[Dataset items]
____________________
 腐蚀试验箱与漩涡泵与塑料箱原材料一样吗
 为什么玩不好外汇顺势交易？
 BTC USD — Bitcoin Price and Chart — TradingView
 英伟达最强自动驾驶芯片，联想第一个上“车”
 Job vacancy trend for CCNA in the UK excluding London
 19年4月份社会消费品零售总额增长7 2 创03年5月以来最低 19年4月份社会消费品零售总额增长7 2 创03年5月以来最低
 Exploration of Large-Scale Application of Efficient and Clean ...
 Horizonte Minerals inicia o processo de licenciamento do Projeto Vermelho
____________________
## WHAT YOU WILL DO:
An identical copy of the preceding records should be returned.

## SOLUTION:
 腐蚀试验箱与漩涡泵与塑料箱原材料一样吗
 为什么玩不好外汇顺势交易？
 BTC USD — Bitcoin Price and Chart — TradingView
 英伟达最强自动驾驶芯片，联想第一个上“车”
 Job vacancy trend for CCNA in the UK excluding London
 19年4月份社会消费品零售总额增长7 2 创03年5月以来最低 19年4月份社会消费品零售总额增长7 2 创03年5月以来最低
 Exploration of Large-Scale Application of Efficient and Clean ...
 Horizonte Minerals inicia o processo de licenciamento do Projeto Vermelho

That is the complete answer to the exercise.